Exploring the Design Space for Message-Driven Systems for Dynamic Graph Processing using CCA
Bibrak Qamar Chandio, Maciej Brodowicz, Thomas Sterling
TL;DR
This work argues that irregular, dynamic graph workloads outstrip conventional von Neumann architectures and proposes the Continuum Computer Architecture (CCA), a memory-centric, message-driven model with a global address space to unlock fine-grain parallelism. It outlines a hardware design space built from tessellated Compute Cells (CCs) forming a memory–compute–communication continuum and introduces batched dynamic graph processing via actions and Recursively Parallel Vertex Objects (RPVOs). The paper combines theoretical/systems synthesis with hardware-space exploration, detailing shape, memory, and communication trade-offs, and demonstrates batched dynamic BFS on a CCASimulator, highlighting how dynamic data movement and asynchronous execution can improve performance on dynamic graphs. It also maps concrete future directions—reducing NoC diameter, adaptive routing, and wafer-scale deployments—that could realize scalable non-von Neumann accelerators for graph-centric AI workloads.
Abstract
Computer systems that have been successfully deployed for dense regular workloads fall short of achieving scalability and efficiency when applied to irregular and dynamic graph applications. Conventional computing systems rely heavily on static, regular, numeric intensive computations while High Performance Computing systems executing parallel graph applications exhibit little locality, spatial or temporal, and are fine-grained and memory intensive. With the strong interest in AI which depend on these very different use cases combined with the end of Moore's Law at nanoscale, dramatic alternatives in architecture and underlying execution models are required.
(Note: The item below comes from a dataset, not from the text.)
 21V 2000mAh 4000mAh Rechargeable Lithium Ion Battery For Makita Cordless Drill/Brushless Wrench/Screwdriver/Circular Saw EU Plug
This paper identifies an innovative non-von Neumann architecture, Continuum Computer Architecture (CCA), that redefines the nature of computing structures to yield powerful innovations in computational methods to deliver a new generation of highly parallel hardware architecture. CCA reflects a genus of highly parallel architectures that while varying in specific quantities (e.g., memory blocks), share a multiple of attributes not found in typical von Neumann machines. Among these are memory-centric components, message-driven asynchronous flow control, and lightweight out-of-order execution across a global name space. Together these innovative non-von Neumann architectural properties guided by a new original execution model will deliver the new future path for extending beyond the von Neumann model. This paper documents a series of interrelated experiments that together establish future directions for next generation non-von Neumann architectures, especially for graph processing.